--- PROBLEM REQUIREMENTS ---
Would you return, word for word, the lines of the data below from the line with "Személyre szabható őszi" through the line with "Vue intérieure d'un", and no others?

○ ○ ○ ○

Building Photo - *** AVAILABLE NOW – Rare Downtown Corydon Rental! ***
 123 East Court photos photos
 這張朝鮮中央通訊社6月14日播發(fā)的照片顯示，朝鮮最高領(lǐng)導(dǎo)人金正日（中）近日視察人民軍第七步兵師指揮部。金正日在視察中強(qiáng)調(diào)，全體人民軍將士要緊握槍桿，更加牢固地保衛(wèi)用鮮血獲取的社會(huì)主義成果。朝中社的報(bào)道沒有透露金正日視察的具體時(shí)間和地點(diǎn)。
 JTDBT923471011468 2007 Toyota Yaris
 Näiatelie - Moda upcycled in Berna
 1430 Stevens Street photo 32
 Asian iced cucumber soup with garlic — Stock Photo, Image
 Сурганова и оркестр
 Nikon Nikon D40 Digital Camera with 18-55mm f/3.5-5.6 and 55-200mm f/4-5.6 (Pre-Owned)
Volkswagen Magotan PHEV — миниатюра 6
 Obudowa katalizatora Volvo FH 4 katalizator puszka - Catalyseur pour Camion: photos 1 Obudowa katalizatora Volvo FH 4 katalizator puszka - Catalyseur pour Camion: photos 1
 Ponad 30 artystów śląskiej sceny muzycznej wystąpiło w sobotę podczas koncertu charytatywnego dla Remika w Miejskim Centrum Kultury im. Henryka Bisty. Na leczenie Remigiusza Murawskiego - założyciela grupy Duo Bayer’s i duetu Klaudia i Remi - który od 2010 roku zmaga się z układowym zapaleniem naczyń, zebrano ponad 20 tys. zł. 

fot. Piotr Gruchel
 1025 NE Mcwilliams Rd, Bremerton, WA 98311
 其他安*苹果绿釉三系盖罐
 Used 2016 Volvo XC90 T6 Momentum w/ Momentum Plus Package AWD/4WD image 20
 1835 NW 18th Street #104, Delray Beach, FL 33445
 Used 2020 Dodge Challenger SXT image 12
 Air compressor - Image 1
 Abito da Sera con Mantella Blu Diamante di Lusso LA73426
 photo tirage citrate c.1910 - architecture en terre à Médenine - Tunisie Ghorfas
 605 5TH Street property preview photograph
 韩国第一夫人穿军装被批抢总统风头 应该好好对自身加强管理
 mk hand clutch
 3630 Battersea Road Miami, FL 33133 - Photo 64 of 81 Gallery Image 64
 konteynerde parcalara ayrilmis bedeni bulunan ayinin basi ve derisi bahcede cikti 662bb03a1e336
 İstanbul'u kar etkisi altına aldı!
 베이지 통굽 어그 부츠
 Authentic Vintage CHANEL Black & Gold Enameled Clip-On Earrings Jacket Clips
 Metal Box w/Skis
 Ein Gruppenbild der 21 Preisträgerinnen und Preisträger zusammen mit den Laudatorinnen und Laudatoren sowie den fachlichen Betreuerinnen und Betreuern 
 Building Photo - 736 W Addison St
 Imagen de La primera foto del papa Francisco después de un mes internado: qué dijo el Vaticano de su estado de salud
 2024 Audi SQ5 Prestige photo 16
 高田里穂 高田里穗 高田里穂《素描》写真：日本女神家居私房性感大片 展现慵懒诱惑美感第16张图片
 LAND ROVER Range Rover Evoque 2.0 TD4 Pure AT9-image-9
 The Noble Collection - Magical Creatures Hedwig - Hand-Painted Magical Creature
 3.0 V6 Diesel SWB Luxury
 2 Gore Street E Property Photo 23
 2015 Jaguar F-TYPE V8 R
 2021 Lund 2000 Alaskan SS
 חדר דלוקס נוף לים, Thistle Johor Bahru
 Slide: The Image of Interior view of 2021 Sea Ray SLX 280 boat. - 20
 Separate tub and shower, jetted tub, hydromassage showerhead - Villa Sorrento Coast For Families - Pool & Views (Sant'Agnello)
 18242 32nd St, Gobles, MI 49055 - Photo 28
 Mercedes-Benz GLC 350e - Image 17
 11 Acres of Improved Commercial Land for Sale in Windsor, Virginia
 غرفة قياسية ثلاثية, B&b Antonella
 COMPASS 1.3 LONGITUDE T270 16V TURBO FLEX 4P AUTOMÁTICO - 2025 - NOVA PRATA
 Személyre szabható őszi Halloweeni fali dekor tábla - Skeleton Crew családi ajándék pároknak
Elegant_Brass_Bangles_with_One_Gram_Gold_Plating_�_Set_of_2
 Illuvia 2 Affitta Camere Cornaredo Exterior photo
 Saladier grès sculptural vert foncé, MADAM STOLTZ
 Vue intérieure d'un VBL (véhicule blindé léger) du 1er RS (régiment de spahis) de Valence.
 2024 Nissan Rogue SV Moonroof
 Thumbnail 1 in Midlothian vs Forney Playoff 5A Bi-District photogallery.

○ ○ ○ ○

--- RESPONSE AREA ---
 Személyre szabható őszi Halloweeni fali dekor tábla - Skeleton Crew családi ajándék pároknak
Elegant_Brass_Bangles_with_One_Gram_Gold_Plating_�_Set_of_2
 Illuvia 2 Affitta Camere Cornaredo Exterior photo
 Saladier grès sculptural vert foncé, MADAM STOLTZ
 Vue intérieure d'un VBL (véhicule blindé léger) du 1er RS (régiment de spahis) de Valence.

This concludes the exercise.